**** Data in this exercise

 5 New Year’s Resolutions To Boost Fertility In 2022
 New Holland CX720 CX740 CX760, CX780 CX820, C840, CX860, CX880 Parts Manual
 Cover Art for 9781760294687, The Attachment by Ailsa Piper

********
**** Data in this exercise

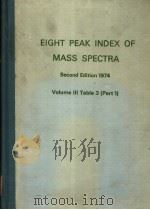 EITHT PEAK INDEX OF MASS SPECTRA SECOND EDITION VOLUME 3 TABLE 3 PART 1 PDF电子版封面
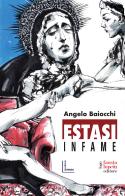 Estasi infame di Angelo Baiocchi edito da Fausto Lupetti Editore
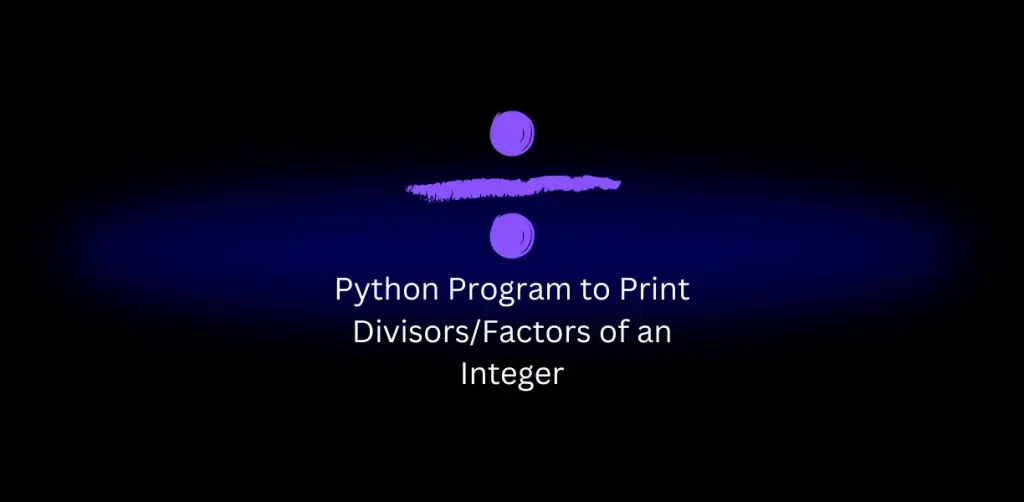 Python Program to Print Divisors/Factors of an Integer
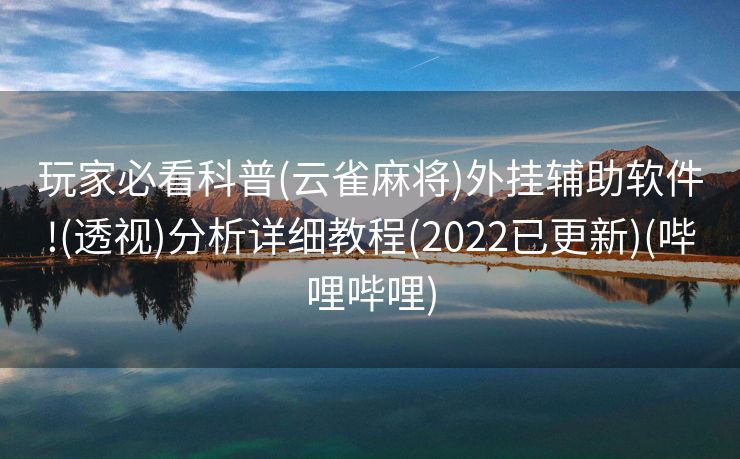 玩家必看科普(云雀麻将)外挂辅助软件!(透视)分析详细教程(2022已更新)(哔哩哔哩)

********

Among the entries above, the line containing "5 New Year’s", the line containing "Cover Art for", and all lines between them are to be restated word for word; nothing else belongs in the reply.

• Result of this exercise
 5 New Year’s Resolutions To Boost Fertility In 2022
 New Holland CX720 CX740 CX760, CX780 CX820, C840, CX860, CX880 Parts Manual
 Cover Art for 9781760294687, The Attachment by Ailsa Piper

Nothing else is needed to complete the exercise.